Foreign Secretary Margaret Beckett's first response to the gathering crisis on Friday was to keep to diplomatic conventions. After a hurried phone call to Blair, she immediately summoned Iran's ambassador, Rasoul Movahedian, to her office to explain their behaviour.
After a meeting described by officials as "brisk but polite", Beckett emerged to stress that she was "extremely disturbed" by events.
It was an understated description of the deep concern now gripping the government. Not only was Blair's administration alarmed at the risk to the 15 military personnel, which included at least one woman, but it was in no doubt over Tehran's ability to use their plight to make a wider point.
During a flurry of diplomatic activity in the hours after the snatch, the Iranians' rhetoric repeatedly elevated their action, and the alleged motives of the British, to a multinational affair. It was the eve of a second UN Security Council resolution imposing sanctions over Iran's refusal to halt its programme to enrich uranium. The Shatt al-Arab 15 were, from the start, pawns in a perilous international game.
"It looks like too much of a coincidence," a senior Foreign Office insider confirmed.

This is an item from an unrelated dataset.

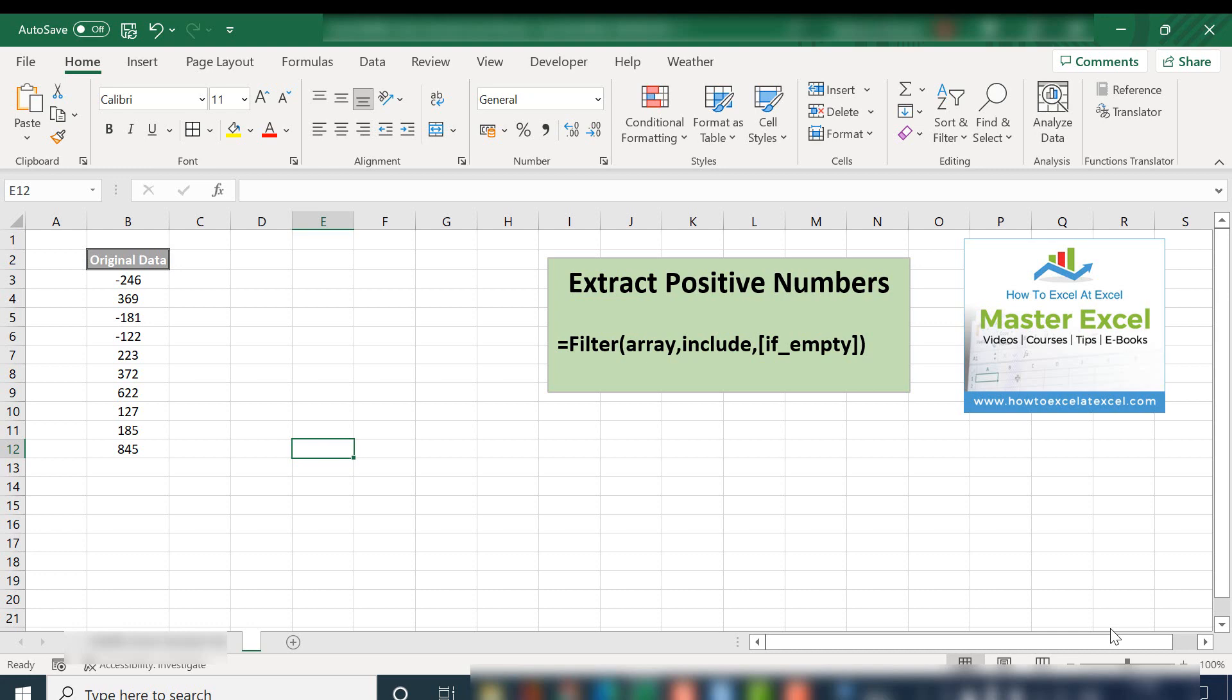Excelers, welcome to our next video. Today, I'm going to show you how to use one of the more recent functions in Excel, part of the dynamic array set of functions. It is the filter function.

The response was a no- nonsense demand for Iran to relent - and Britain freely used the international community to back up its case. Beckett dispatched the UK chargé d'affaires, Kate Smith, to confront the government in Tehran, armed with the insistence that the British sailors had been in Iraqi waters.
In the meantime, Blair made a personal call to European allies, including EU foreign policy chief Javier Solana, to secure a public denunciation of the Iranians' actions.
"It was impressed on everyone how important it was to raise the diplomatic temperature, rather than keep a low profile and let them make a song and dance of the situation," one defence official said.
"There is nothing to be gained in provoking a confrontation, because that would be playing into their hands. But neither should we let them have it all their way. We tried that before and we're still trying to get our kit back."
The smaller-scale precedent, the taking of six British marines and two sailors on the same waterway in June 2004, was a painful lesson. The personnel were only returned after they had been paraded blindfold on Iranian television and admitted entering Iranian waters illegally. Three years on, the government is still pressing Iran for the return of its boats and kit, including valuable radar equipment.
The degree of concern felt across Whitehall was demonstrated yesterday, when Movahedian was called back to the Foreign Office, this time to see Beckett's minister, Lord Triesman. The British were clearly attempting to warn off Tehran before it could begin to use the servicemen and women as a significant propaganda tool.
It was, however, a race against time - and through it all, the diplomats and the politicians were acutely aware that Tehran has built a foreign policy on disregarding diplomatic niceties.
Top level COBRA is an acronym for Cabinet Office Briefing Room A, where its meetings are held.
Tony Blair, senior ministers, police and security chiefs all take part. It is called after events such as 9/11, 7/7
and can evoke emergency powers such as suspending Parliament or restricting movement.
That's truly incredible. However, I did see some comment here in the US yesterday (in some lefty press source, although it was in passing and I don't recall where) that this was all a "set up" by the US to "provoke" Iran into doing something rash and then we would have an excuse to attack them. These people are delusional.
First of all, it was obvious that this whole thing was planned in advance - the Revolutionary Guards don't act on their own. Ahmadinejad wanted an excuse to get out of coming to the US, and he also probably has some other objective, which I think may be just a propaganda win and looking big in the eyes of the ME. But of course the delusional left has now adopted Iran as their favorite misunderstood nation poster child.
yup
Well said, TET1968. Long, long, long overdue.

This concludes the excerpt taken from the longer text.